Lab #18 - Logistic Regression

\(~\)

Lab

This lab covers logistic regression, or statistical models of the form: \[\log\big(\tfrac{Pr(y=1)}{1-Pr(y=1)}\big) = \beta_0 + \beta_1X_1 + \ldots + \beta_pX_p\]

Logistic regression is used when modeling a binary outcome, \(y\), using one or more explanatory variables. In this lab’s examples we’ll look at the NBA shots data set from our previous lecture.

## Libraries and data
library(ggplot2)
library(dplyr)

## Load Data, remove low quality points, and add a couple new variables
shots = read.csv("https://remiller1450.github.io/data/shot_logs.csv") %>%
  filter(TOUCH_TIME > 0) %>%
  mutate(OUTCOME = ifelse(SHOT_RESULT == "made", 1, 0),
         CAT_DRIBBLES = cut(DRIBBLES, breaks = c(-Inf, 0, 1, Inf), 
                            labels = c("zero", "one", "two or more")))

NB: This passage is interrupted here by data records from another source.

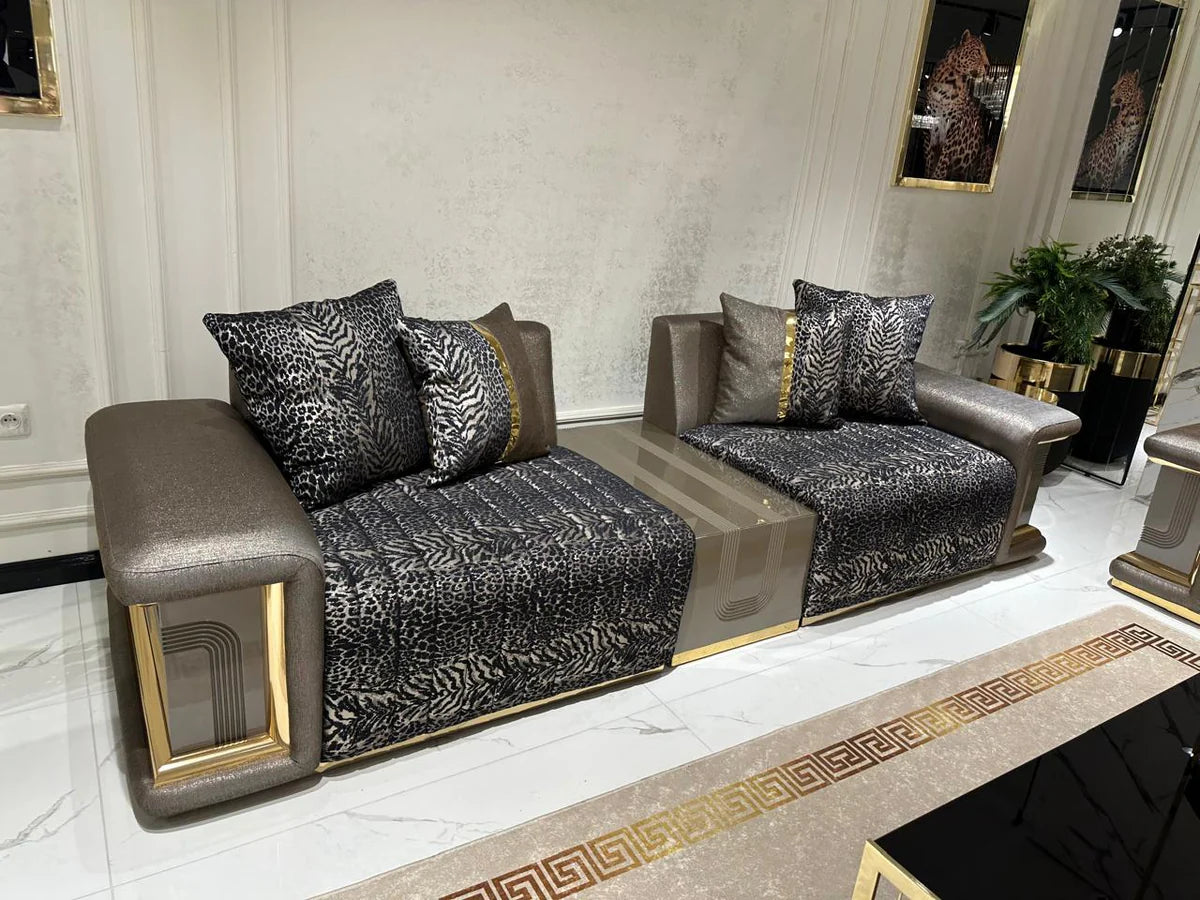 Modern Sofa Set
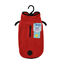 Nayeco Abrigo Fleece Jacket Rojo para perros, , large indicador imagen numero 4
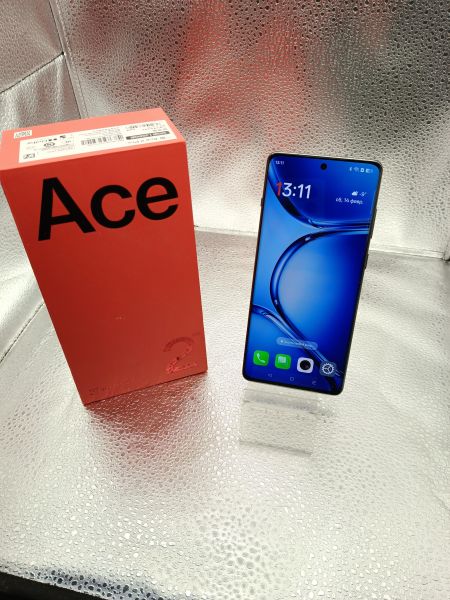 Купить OnePlus Ace 2 Pro 12/256GB (PJA110) Duos в Томск за 23600 руб.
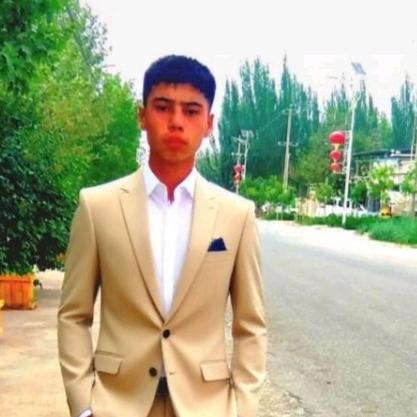 阿卜杜许库尔·赫克木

The variables of interest in this data set are:

OUTCOME - the primary outcome in models: 1 if a shot is made, 0 otherwise
SHOT_DIST - distance from the basket when the shot was attempted
CLOSE_DEF_DIST - distance from the closest defender when the shot was attempted
TOUCH_TIME - how long the player had control of the ball prior to the shot
CAT_DRIBBLES - whether the player made “zero”, “one”, or “two or more” dribbles before attempting the shot
PERIOD - the period of the game during which the shot was attempted (1 = first quarter, 2 = second quarter, …, 5 = first overtime, …)

\(~\)

Fitting Models using `glm()`

Logistic regression models are fit using glm() function with the argument family = "binomial". The other syntax used to fit the model mirrors what we’ve done for linear regression models in lm(). That is, we still provide a formula representation of the variables involved in our model. The code below fits a logistic regression model predicting OUTCOME using SHOT_DIST:

mod1 = glm(OUTCOME ~ SHOT_DIST, data = shots, family = "binomial")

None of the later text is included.